In Kabul, two senior members of the U.S. Senate Armed Services Committee urged international cooperation to help supply the anti-Assad rebels with weapons and other aid. Both Arizona Sen. John McCain and Sen. Lindsey Graham of South Carolina, however, stopped short of endorsing direct U.S. military involvement.
“The United States doesn’t have to directly ship weapons to the opposition, but there are a whole lot of things that can be done” through groups such as the Arab League, McCain told reporters on Sunday.
Graham said it was “shameful” for the U.S. not to have a prominent role to help the rebel forces, saying that breaking Syria’s ties to Iran “could be as beneficial to our efforts to contain a nuclear armed Iran as sanctions.”
“If the Syrian regime is replaced with another form of government that doesn’t tie its future to the Iranians, the world is a better place,” he said.
The U.N. last gave a death toll for the conflict in January, saying 5,400 had been killed in 2011 alone. But hundreds more have been killed since, according to activist groups. The group Local Coordination Committees says more than 7,300 have been killed since March of last year. There is no way to independently verify the numbers, however, as Syria bans almost all foreign journalists and human rights organizations.
The Observatory said that troops conducted raids Monday in the southern village of Harrah where at least nine people were detained.

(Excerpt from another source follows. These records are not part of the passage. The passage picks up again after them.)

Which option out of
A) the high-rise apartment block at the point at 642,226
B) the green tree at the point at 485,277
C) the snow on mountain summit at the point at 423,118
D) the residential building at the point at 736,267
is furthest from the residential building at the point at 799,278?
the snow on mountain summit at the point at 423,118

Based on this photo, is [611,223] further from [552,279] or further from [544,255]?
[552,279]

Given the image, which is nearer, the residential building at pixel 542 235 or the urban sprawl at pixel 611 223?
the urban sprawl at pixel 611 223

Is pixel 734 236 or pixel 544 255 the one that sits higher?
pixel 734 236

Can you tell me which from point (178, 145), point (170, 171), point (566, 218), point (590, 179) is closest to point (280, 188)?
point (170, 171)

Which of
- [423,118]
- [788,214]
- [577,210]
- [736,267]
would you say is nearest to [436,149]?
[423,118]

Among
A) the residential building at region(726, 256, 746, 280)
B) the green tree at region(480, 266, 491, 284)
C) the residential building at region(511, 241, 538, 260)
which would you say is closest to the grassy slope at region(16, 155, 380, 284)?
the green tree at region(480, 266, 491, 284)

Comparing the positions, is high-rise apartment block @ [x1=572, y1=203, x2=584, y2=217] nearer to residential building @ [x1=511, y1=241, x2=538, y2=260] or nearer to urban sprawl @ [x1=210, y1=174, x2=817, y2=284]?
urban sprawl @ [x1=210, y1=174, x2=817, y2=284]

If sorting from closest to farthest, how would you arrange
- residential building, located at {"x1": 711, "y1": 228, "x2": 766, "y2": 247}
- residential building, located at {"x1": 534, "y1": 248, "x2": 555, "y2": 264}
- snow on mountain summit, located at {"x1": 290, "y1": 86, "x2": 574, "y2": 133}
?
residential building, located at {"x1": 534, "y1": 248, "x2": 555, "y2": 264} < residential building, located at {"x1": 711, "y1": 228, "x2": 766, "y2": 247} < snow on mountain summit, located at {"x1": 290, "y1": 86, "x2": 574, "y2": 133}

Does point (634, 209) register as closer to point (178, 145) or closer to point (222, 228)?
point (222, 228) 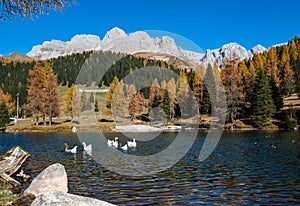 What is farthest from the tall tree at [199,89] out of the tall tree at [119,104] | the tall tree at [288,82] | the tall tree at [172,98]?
the tall tree at [288,82]

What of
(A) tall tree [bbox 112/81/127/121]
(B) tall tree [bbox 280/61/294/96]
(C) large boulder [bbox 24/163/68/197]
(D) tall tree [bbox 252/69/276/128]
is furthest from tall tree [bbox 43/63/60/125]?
(C) large boulder [bbox 24/163/68/197]

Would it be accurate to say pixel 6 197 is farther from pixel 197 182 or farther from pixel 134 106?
pixel 134 106

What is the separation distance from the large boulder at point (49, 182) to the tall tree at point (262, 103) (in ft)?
215

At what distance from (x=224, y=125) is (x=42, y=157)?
2172 inches

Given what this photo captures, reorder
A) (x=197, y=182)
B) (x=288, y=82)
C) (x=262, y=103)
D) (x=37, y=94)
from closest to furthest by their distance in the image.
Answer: (x=197, y=182), (x=262, y=103), (x=37, y=94), (x=288, y=82)

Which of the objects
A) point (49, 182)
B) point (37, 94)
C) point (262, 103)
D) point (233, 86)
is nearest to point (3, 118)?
point (37, 94)

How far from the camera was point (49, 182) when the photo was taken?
620 inches

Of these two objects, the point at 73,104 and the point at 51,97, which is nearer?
the point at 51,97

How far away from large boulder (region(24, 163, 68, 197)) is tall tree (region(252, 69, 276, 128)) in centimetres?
6554

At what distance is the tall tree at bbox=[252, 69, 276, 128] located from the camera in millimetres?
75000

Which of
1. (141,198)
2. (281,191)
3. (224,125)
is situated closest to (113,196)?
(141,198)

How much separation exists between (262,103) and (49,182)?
224 ft

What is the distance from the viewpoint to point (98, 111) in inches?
4626

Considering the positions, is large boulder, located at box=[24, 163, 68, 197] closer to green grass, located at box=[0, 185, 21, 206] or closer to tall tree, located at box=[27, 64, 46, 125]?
green grass, located at box=[0, 185, 21, 206] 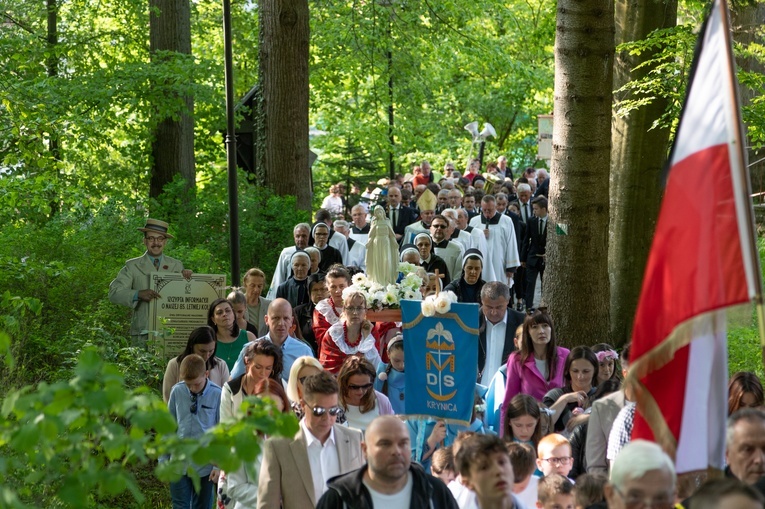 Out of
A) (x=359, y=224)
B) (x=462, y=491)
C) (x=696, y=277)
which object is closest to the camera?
(x=696, y=277)

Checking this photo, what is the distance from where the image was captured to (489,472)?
587 centimetres

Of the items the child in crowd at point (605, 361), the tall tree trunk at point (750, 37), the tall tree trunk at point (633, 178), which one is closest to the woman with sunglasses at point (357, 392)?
the child in crowd at point (605, 361)

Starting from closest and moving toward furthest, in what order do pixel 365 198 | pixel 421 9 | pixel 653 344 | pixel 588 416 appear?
pixel 653 344 → pixel 588 416 → pixel 421 9 → pixel 365 198

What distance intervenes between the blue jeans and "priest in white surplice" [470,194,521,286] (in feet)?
35.6

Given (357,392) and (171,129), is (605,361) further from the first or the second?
(171,129)

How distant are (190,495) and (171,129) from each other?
13.8 metres

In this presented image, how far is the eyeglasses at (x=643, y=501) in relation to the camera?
488 centimetres

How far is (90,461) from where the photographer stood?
4.75 metres

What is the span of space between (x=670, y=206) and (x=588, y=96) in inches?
281

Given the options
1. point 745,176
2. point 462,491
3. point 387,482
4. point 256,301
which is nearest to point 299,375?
point 462,491

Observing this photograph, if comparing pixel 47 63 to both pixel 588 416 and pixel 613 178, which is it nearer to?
pixel 613 178

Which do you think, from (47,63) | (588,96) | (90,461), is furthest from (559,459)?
(47,63)

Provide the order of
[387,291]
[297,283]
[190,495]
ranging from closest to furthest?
1. [190,495]
2. [387,291]
3. [297,283]

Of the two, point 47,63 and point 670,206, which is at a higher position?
point 47,63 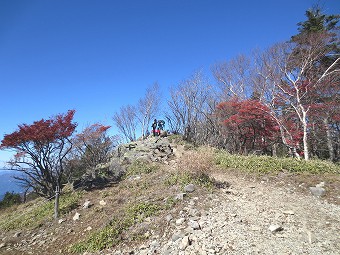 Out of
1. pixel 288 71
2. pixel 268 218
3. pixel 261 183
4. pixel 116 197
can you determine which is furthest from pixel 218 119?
pixel 268 218

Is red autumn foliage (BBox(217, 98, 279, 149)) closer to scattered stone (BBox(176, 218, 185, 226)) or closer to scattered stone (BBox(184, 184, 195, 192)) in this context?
scattered stone (BBox(184, 184, 195, 192))

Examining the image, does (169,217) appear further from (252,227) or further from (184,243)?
(252,227)

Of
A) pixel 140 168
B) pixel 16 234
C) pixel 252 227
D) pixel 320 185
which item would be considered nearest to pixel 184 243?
pixel 252 227

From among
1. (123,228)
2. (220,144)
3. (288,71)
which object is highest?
(288,71)

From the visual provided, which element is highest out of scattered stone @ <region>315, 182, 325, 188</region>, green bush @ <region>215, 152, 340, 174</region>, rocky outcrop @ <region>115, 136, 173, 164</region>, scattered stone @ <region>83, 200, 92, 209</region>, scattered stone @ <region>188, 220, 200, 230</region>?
rocky outcrop @ <region>115, 136, 173, 164</region>

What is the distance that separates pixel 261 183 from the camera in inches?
300

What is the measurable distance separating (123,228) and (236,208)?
2.97 meters

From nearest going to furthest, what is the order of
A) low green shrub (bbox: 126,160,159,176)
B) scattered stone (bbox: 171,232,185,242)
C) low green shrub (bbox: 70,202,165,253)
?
scattered stone (bbox: 171,232,185,242) → low green shrub (bbox: 70,202,165,253) → low green shrub (bbox: 126,160,159,176)

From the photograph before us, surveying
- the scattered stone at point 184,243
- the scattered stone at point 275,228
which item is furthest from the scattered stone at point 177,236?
the scattered stone at point 275,228

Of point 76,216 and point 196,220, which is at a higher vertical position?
point 196,220

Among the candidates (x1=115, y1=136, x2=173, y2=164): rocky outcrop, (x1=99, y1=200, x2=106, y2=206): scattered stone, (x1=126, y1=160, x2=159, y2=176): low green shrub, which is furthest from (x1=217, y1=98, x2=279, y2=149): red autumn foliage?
(x1=99, y1=200, x2=106, y2=206): scattered stone

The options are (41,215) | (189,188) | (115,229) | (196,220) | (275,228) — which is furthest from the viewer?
(41,215)

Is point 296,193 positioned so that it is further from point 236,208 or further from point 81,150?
point 81,150

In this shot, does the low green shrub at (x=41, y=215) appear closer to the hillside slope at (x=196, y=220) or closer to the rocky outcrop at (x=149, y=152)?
the hillside slope at (x=196, y=220)
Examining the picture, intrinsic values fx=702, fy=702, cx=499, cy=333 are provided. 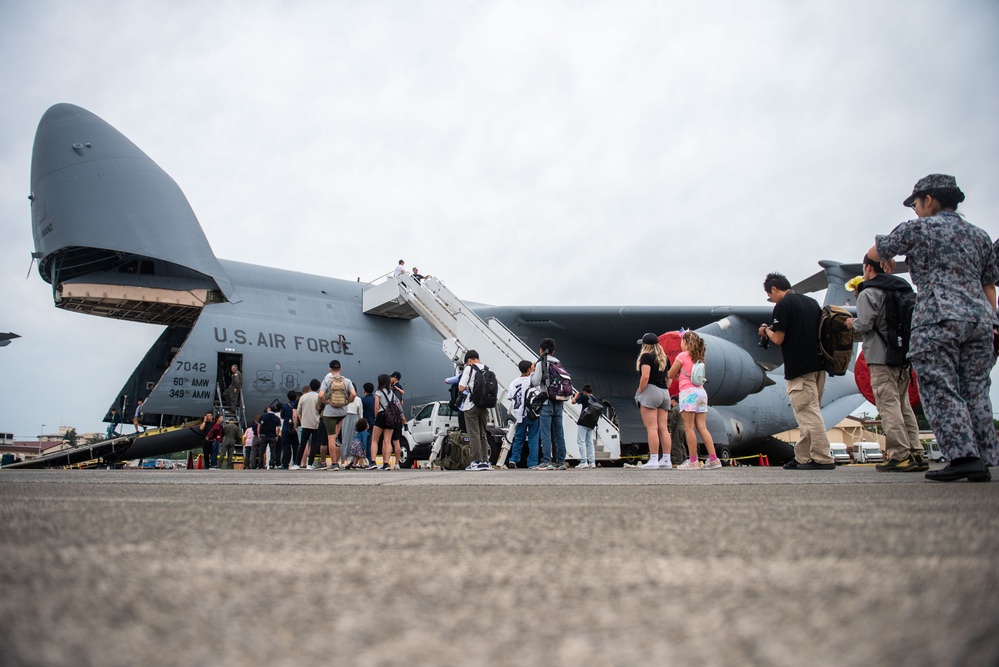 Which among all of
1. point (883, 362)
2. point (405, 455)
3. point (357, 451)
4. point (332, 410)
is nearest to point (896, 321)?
point (883, 362)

In the western Hama province, troops backed by armored personnel carriers and military buses stormed several villages, conducting raids and arrests. A 32-year-old man was killed by gunfire from a security checkpoint in the area, activists said.
On Sunday, activists said at least 18 people were killed in Syria, including a senior state prosecutor and a judge who were shot dead by gunmen in the restive northwestern province of Idlib.